Task requirements: Write back, word for word, the lines from the one containing "28,95 € | Vin" to the end of the listing below. Include nothing else, and no pictures.

Dataset extract:

- - - -

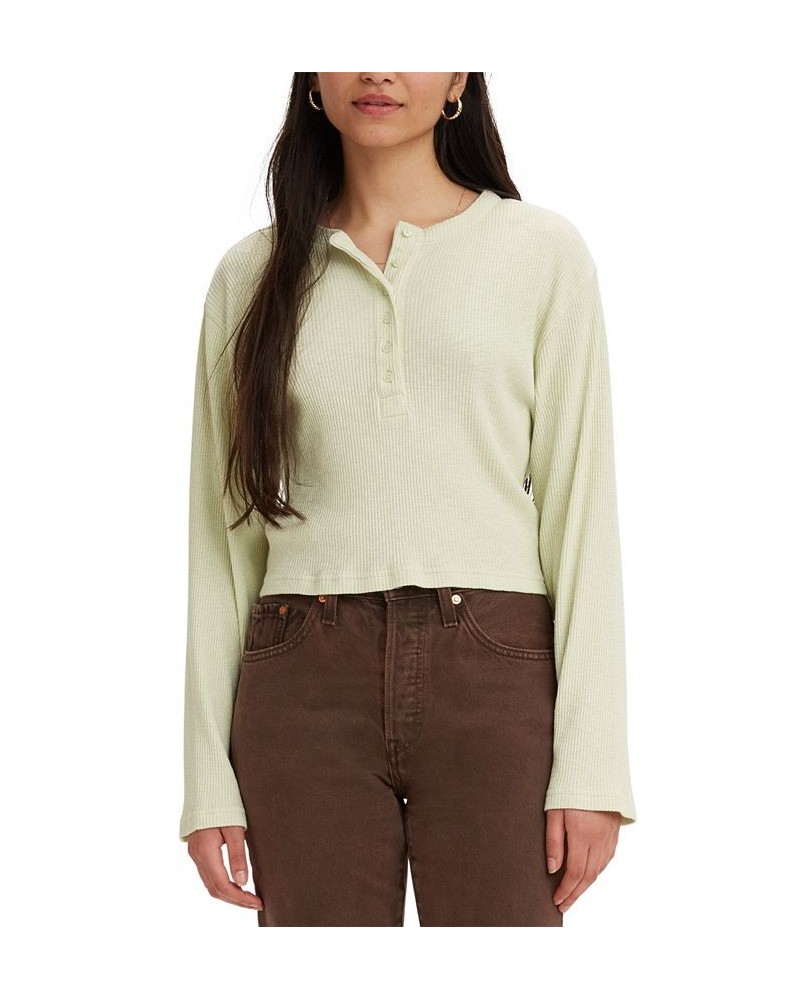 Women's Oversized Shirt Henley Top & Utility Pants Meadow Mist $28.70 Pants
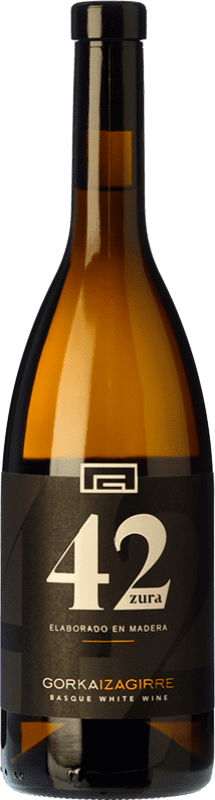 28,95 € | Vin blanc Gorka Izagirre 42 Zura D.O. Bizkaiko Txakolina Pays Basque Espagne Hondarribi Zuri 75 cl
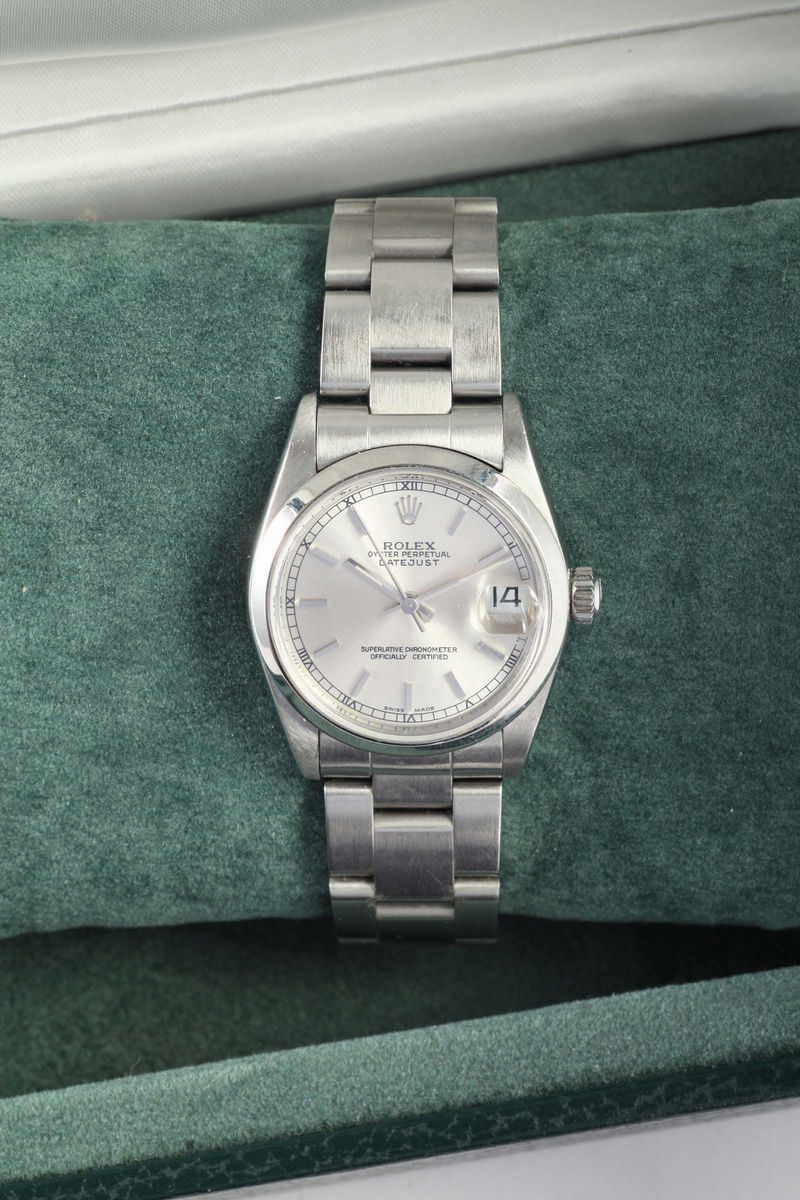 Orologio da polso Rolex Oyster Perpetual Datejust  - Auction Ancient and Contemporary Clocks and Jewels - Cambi Casa d'Aste
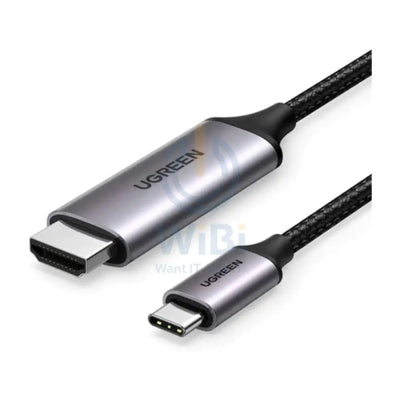 UGREEN 4K@60Hz USB-C to HDMI 2.0 Cable Aluminum Shell 1.5m - Gray Black Accessories > Cables & Converters > Cables >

- - - -

Result of this exercise:
 28,95 € | Vin blanc Gorka Izagirre 42 Zura D.O. Bizkaiko Txakolina Pays Basque Espagne Hondarribi Zuri 75 cl
 Orologio da polso Rolex Oyster Perpetual Datejust  - Auction Ancient and Contemporary Clocks and Jewels - Cambi Casa d'Aste
 UGREEN 4K@60Hz USB-C to HDMI 2.0 Cable Aluminum Shell 1.5m - Gray Black Accessories > Cables & Converters > Cables >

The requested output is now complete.